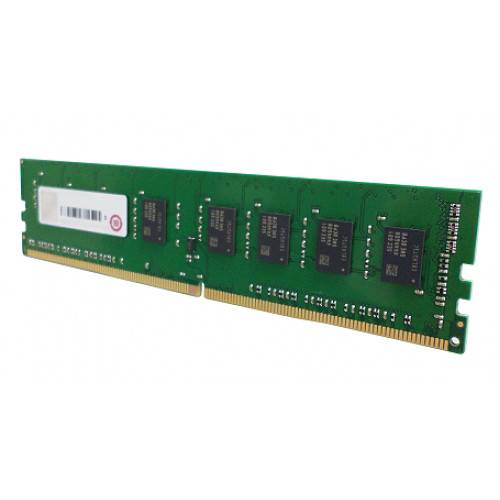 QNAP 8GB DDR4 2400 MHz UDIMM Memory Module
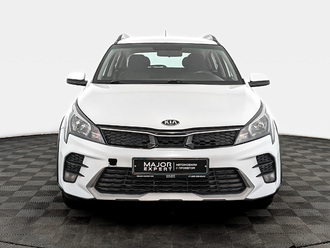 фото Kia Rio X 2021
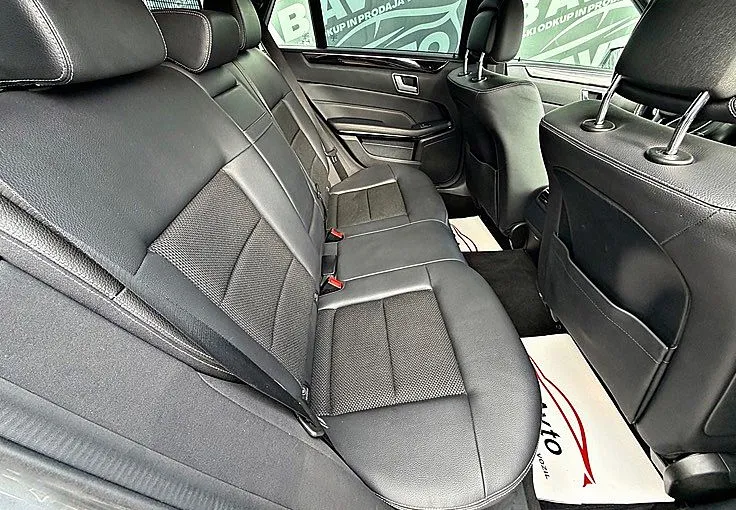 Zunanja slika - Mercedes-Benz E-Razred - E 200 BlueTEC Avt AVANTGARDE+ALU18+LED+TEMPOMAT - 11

········

ASSIGNMENT = All of the data should come back exactly as written, but without pictures.

ANSWER TO THE PROBLEM =
 QNAP 8GB DDR4 2400 MHz UDIMM Memory Module
 фото Kia Rio X 2021
 Zunanja slika - Mercedes-Benz E-Razred - E 200 BlueTEC Avt AVANTGARDE+ALU18+LED+TEMPOMAT - 11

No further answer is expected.